### The problem
Go through the data below and repeat it exactly, skipping each picture.
===== Records shown
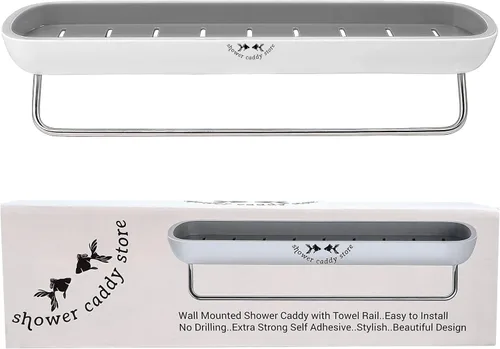 Miniatura 3 de Organizador de ducha - Montado en la pared - con toallero - Autoadhesivo extra fuerte - Sin taladrar - Fácil drenaje - Elegante y ahorro de espacio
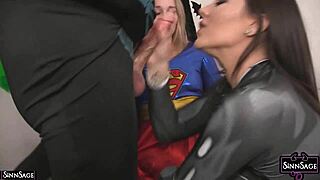 Sinn sage and her friend riley reyes share a cock in a hot role play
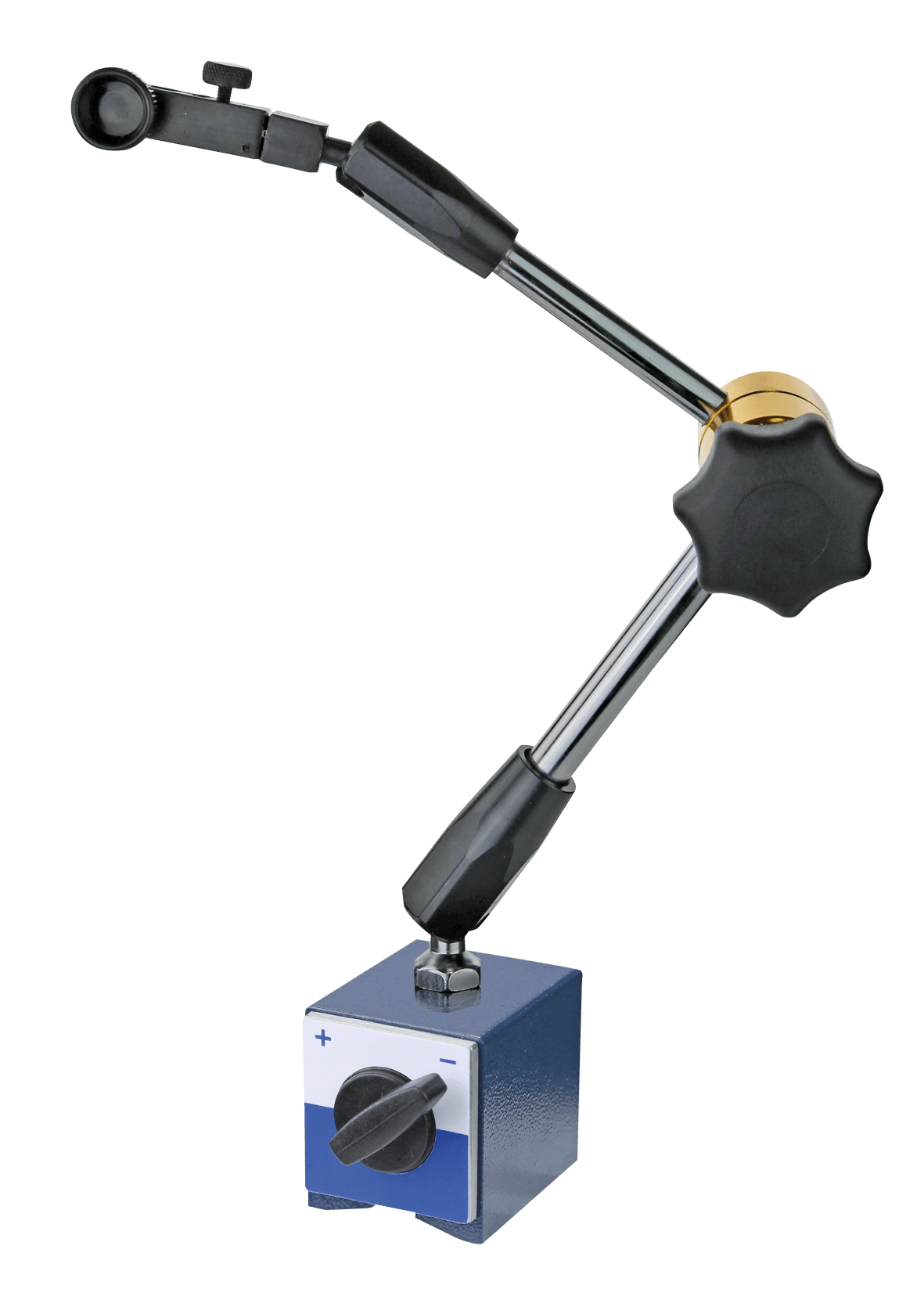 Magnetic dial supports with central clamping, mechanical, total height 340 mm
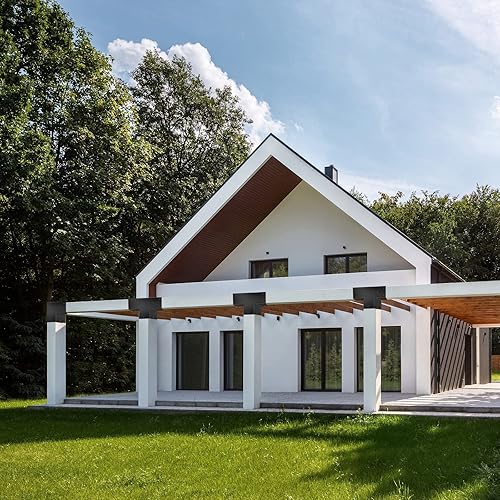 Miniatura 8 de HomiShare Soportes de pérgola de 4 x 4 pulgadas, 2 soportes de esquina de ángulo plano de acero de 3 vías, kit de pérgola recubierto de polvo negro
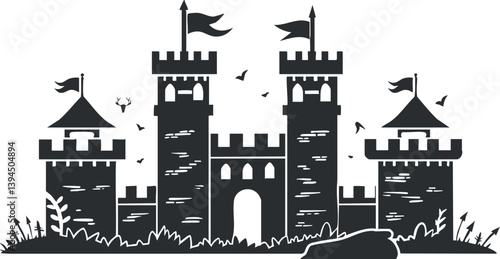 Silhouette of a medieval castle with towers and flags, illustrating historical architecture and defense.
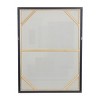 Canvas Geometric Overlapping Square Framed Wall Art with Gold Textured Grid Accent Blue - Olivia & May - image 2 of 4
==========
### Problem solution
 Miniatura 3 de Organizador de ducha - Montado en la pared - con toallero - Autoadhesivo extra fuerte - Sin taladrar - Fácil drenaje - Elegante y ahorro de espacio
 Sinn sage and her friend riley reyes share a cock in a hot role play
 Magnetic dial supports with central clamping, mechanical, total height 340 mm
 Miniatura 8 de HomiShare Soportes de pérgola de 4 x 4 pulgadas, 2 soportes de esquina de ángulo plano de acero de 3 vías, kit de pérgola recubierto de polvo negro
 Silhouette of a medieval castle with towers and flags, illustrating historical architecture and defense.
 Canvas Geometric Overlapping Square Framed Wall Art with Gold Textured Grid Accent Blue - Olivia & May - image 2 of 4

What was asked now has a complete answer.